Below, some lines carry pictures; leave those pictures out and retype exactly the lines from the one with "Gruppe der OMAs auf Stufen vor dem Kloster." through the one with "Used Mercedes-Benz CLA".

[Records excerpted from a collection]
━━━━━━

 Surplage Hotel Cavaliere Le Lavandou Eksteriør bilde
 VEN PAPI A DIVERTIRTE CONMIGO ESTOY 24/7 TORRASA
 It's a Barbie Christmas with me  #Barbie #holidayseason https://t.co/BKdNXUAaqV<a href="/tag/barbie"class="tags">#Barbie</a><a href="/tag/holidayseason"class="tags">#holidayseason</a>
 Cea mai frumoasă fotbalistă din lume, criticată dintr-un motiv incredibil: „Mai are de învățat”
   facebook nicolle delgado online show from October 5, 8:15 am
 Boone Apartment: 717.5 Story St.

━━━━━━

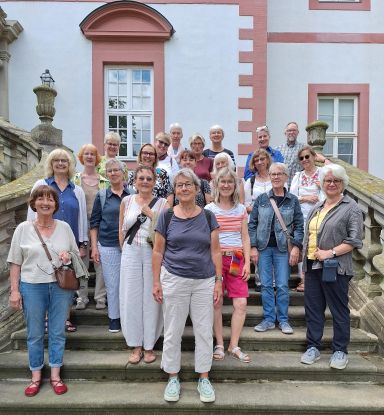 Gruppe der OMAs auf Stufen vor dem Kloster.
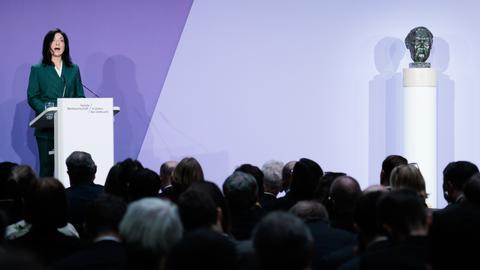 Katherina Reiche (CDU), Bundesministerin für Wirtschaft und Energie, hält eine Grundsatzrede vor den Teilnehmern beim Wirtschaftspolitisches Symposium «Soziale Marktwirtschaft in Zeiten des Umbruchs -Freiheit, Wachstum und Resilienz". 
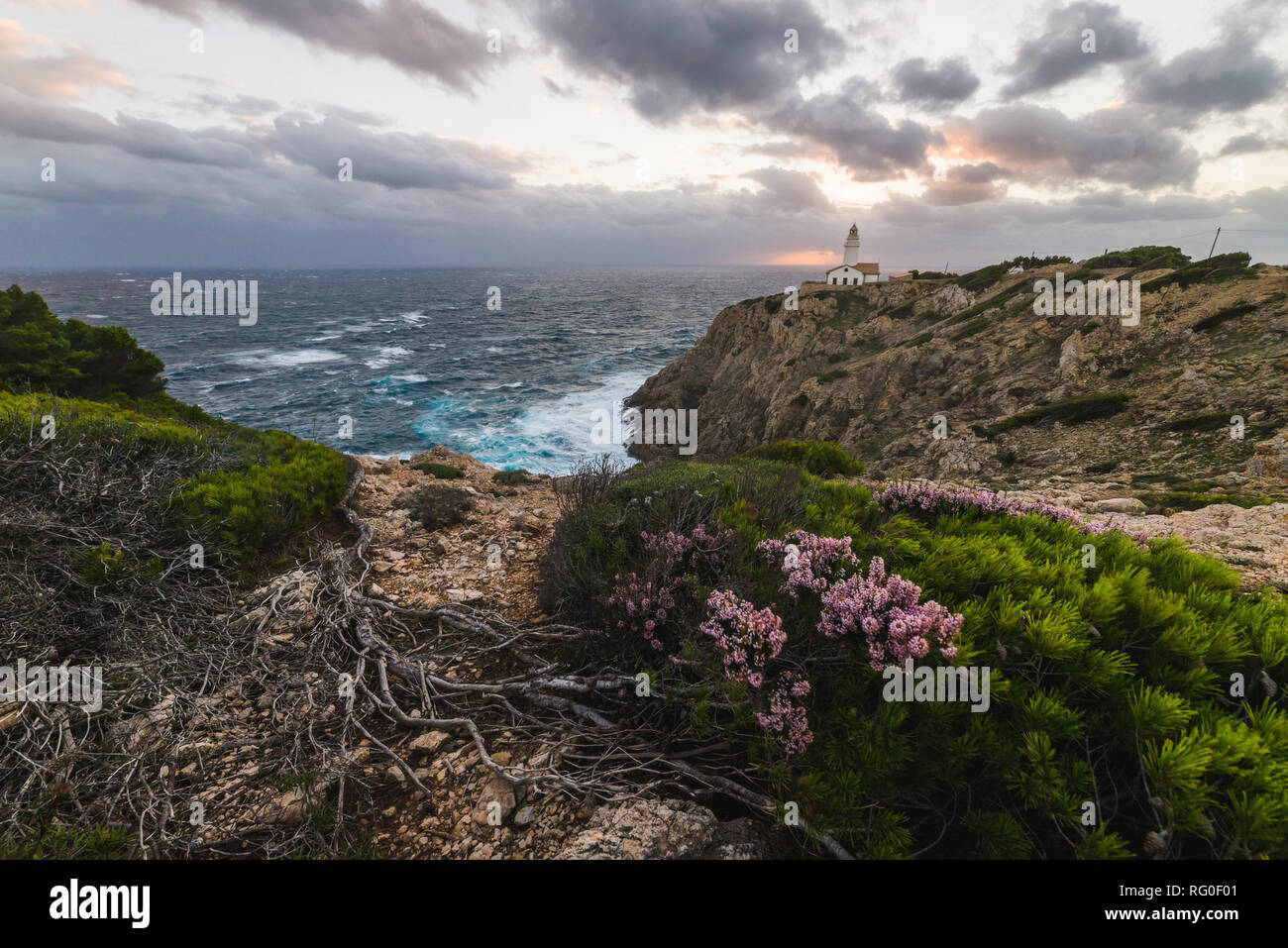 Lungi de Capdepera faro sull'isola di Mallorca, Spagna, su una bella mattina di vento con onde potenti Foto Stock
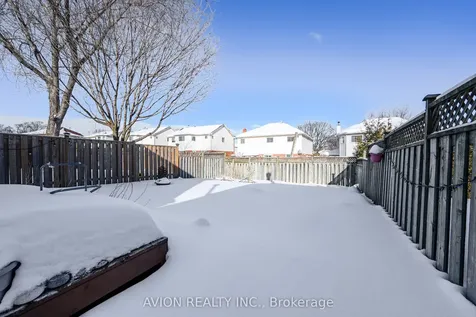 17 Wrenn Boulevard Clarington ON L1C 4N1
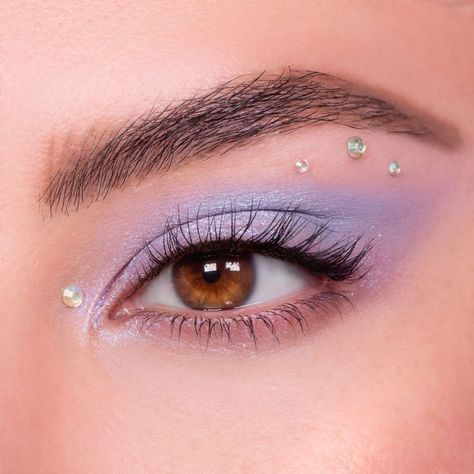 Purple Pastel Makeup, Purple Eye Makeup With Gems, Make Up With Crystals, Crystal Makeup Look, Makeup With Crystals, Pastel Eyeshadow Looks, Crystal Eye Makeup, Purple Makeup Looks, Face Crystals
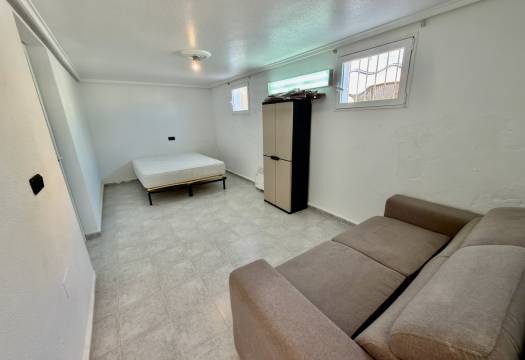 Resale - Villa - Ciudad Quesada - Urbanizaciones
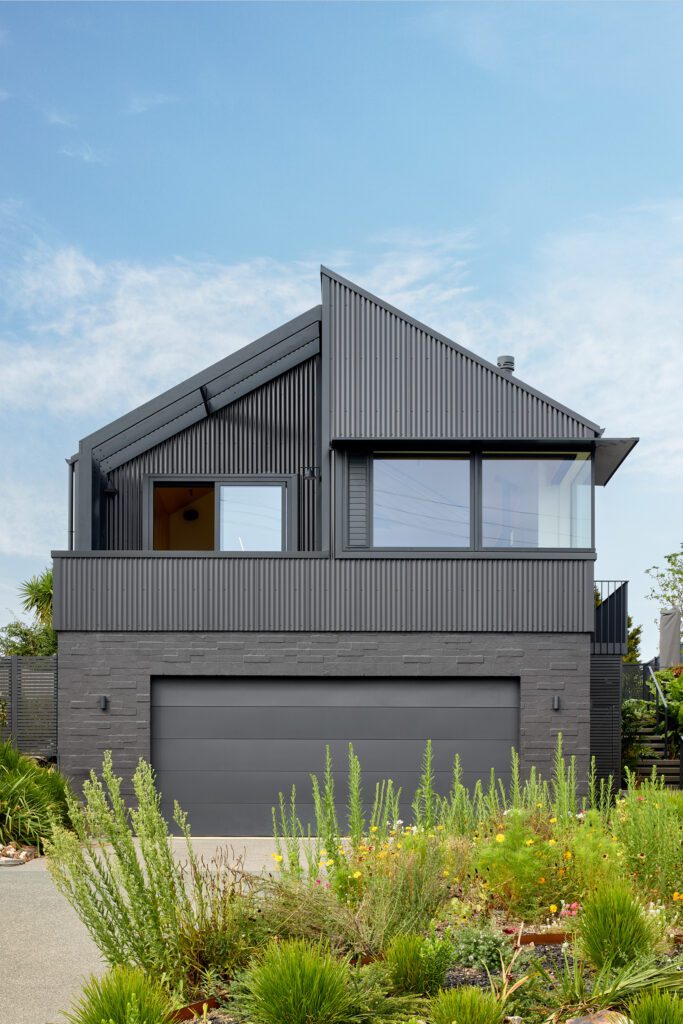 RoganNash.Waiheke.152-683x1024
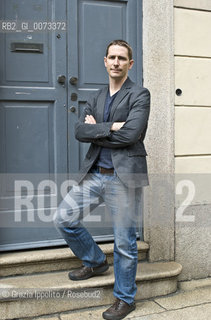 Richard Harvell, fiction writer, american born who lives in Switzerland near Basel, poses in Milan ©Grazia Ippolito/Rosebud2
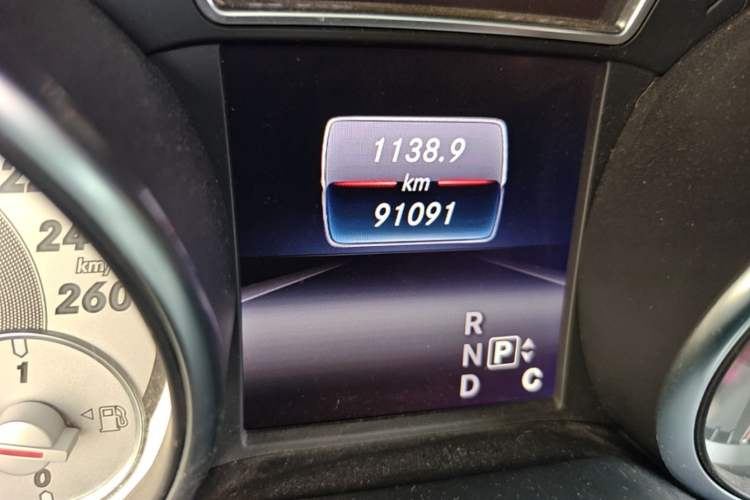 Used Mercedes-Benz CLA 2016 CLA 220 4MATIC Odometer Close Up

━━━━━━

[Your solution]:
 Gruppe der OMAs auf Stufen vor dem Kloster.
 Katherina Reiche (CDU), Bundesministerin für Wirtschaft und Energie, hält eine Grundsatzrede vor den Teilnehmern beim Wirtschaftspolitisches Symposium «Soziale Marktwirtschaft in Zeiten des Umbruchs -Freiheit, Wachstum und Resilienz". 
 Lungi de Capdepera faro sull'isola di Mallorca, Spagna, su una bella mattina di vento con onde potenti Foto Stock
 17 Wrenn Boulevard Clarington ON L1C 4N1
 Purple Pastel Makeup, Purple Eye Makeup With Gems, Make Up With Crystals, Crystal Makeup Look, Makeup With Crystals, Pastel Eyeshadow Looks, Crystal Eye Makeup, Purple Makeup Looks, Face Crystals
 Resale - Villa - Ciudad Quesada - Urbanizaciones
 RoganNash.Waiheke.152-683x1024
 Richard Harvell, fiction writer, american born who lives in Switzerland near Basel, poses in Milan ©Grazia Ippolito/Rosebud2
 Used Mercedes-Benz CLA 2016 CLA 220 4MATIC Odometer Close Up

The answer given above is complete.